All Focus RS models were built at the company’s Saarlouis, Germany assembly plant. After entertaining Europeans for years, the model entered the hot hatch Hall of Fame after making a long-awaited trip to North America in late 2015. The current generation dried up after the release of 1,500 Special Edition 2018 models tuned by Ford Performance.



Saturday, January 6, 2018

FMCSA Orders Washington State Trucking Company To Cease Activities

pinterest.com
From the "stupid trucker" file, Article thanks to Jake Tully and http://truckingindustry.news. Links provided:


Dec, 2017  In a press release issued by the Federal Motor Carrier Association (FMCSA) earlier today, the U.S. Department of Transportation agency reports that it has ordered Even Flo Logistics, a Tumwater, Washington-based trucking company to cease operations due to the posing a hazard to public safety.

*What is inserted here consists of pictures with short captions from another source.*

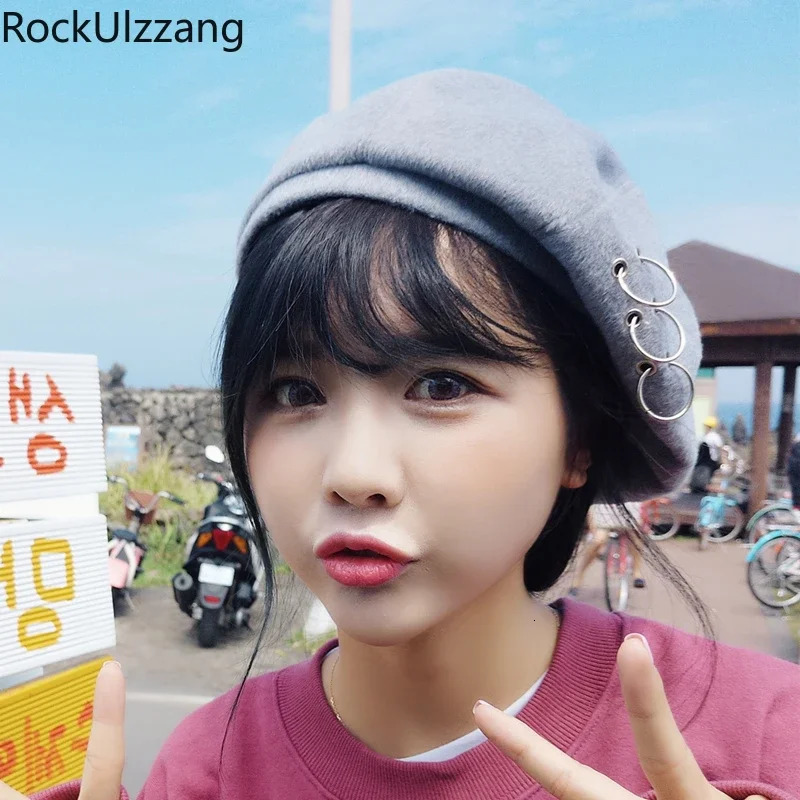 Womens sexy and cute eye hole metal ring fashion beret Korean party hat y2k fairycore 2000s garbage goth painter hat 241209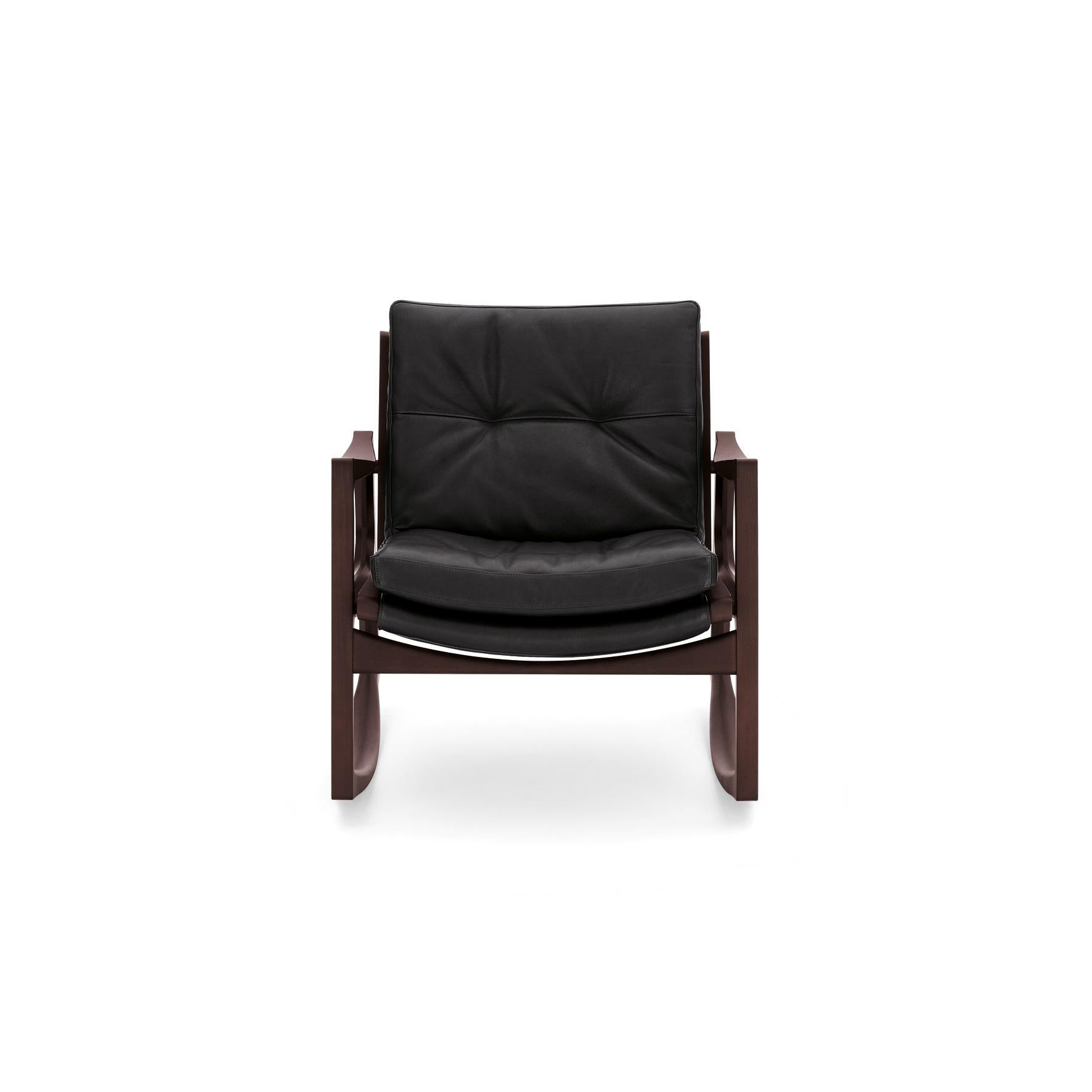 La chaise à bascule Euvira de Jader Almeida est un mélange magistral d'hier et d'aujourd'hui, de légèreté et de solidité. Avec ses lignes fluides orchestrées avec précision, qui s'épaississent et s'effilent pour former un rythme agréable, la chaise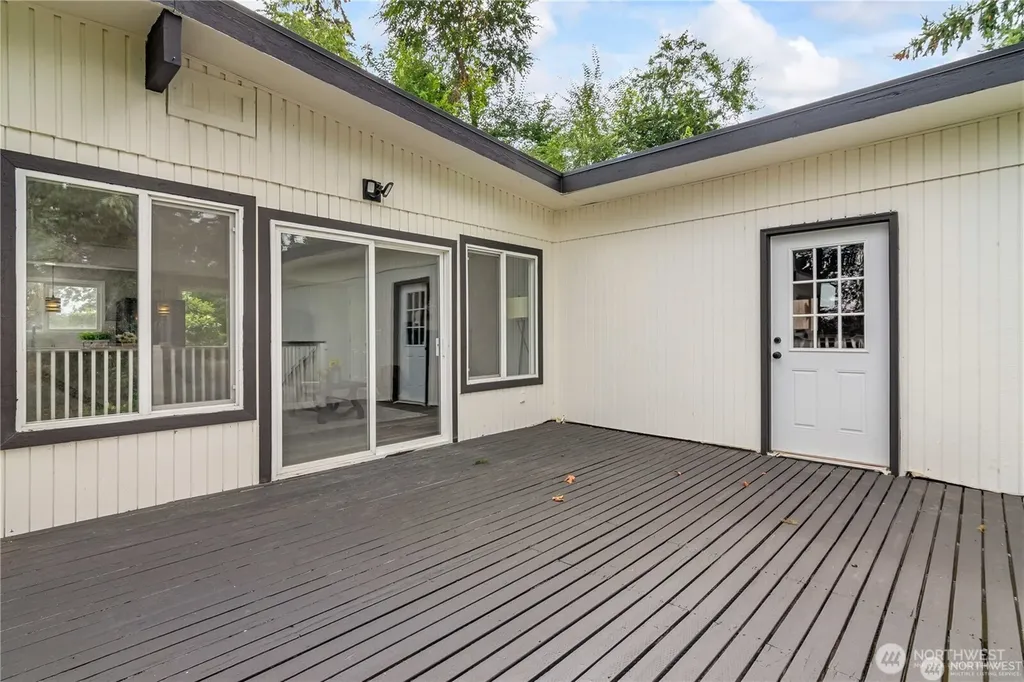 842 S 143rd Place Burien WA 98168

According to the FMCSA, Even Flo Logistics has been ordered to stop both interstate and intrastate activates after investigators found the company to be an “imminent hazard to public safety.”
Additionally, the FMCSA reports that it served an imminent hazard order to Shawn Roberts, a truck driver for Even Flo Logistics, prohibiting Roberts from operating a truck or other commercial vehicles in interstate commerce.
The FMCSA reports that the order served to Roberts was given due to the drivers, “"…. blatant disregard of [federal safety regulations] and continued disregard for the safety of the motoring public …. substantially increases the likelihood of serious injury or death to you and/or to the motoring public."
The FMCSA said that the Washington State Patrol Motor Carrier Safety Division conducted a compliance investigation of Even Flo Logistics in August 2017 after roadside inspections across multiple states over the course of the year revealed large safety violations that saw Shawn Roberts operating outside of the out-of-service at a rate of more than 13 times than what the national average has reported.

In addition to the roadside inspections, the FMCSA also found that Roberts operated a commercial vehicle holding only a learner’s permit on at least two occasions and that Even Flo Logistics allowed Roberts to operate in interstate commerce on at least one occasion during a period in which the State of Washington had suspended or withdrawn his CDL.

The FMCSA has also reported that Even Flo Logistics did not ensure that testing for controlled substance and alcohol was properly conducted within a necessary time frame, nor was post-accident testing proctored in an official manner.

Washington State Patrol investigations ultimately gave that motor carrier a federal safety rating of “Unsatisfactory” reports the FMCSA, in which the company was ordered to stop operations on October 10, 2017.

Despite this order, reports the FMCSA, Even Flo Logistics was found operating on at least two occasions.
Among the offenses that Roberts was cited for, the driver saw citations for operating a commercial motor vehicle without a valid commercial driver’s license, being on the influence of narcotic drugs/amphetamines while on duty, possessing an intoxicating beverage while on duty or driving, among other offenses.
The FMCSA reports that Roberts has been involved in four crashes since January 2017 and is facing drug-related criminal charges in both Arizona and Wyoming.

Roberts also reportedly posted a photo on his social media account of a 12-year-old operating a truck and in July 2017 Roberts posted a photo of a metal clamp attached to a gas pedal of a commercial motor vehicle alongside the caption “When your cruise control brakes [sic] the fix."

The FMCSA reports that Even Flo Logistics may be assessed for civil penalties up to $26,126 for each violation relating to the out-of-service order, as well as a potential fee of no less than $10,000 in civil penalties for providing transportation requiring federal operating authority registration.
Separate of Even Flo Logistics, Roberts may be assessed a civil penalties fee of up to $1.811 for each violation of operating a commercial motor vehicle in violation of the imminent hazard order.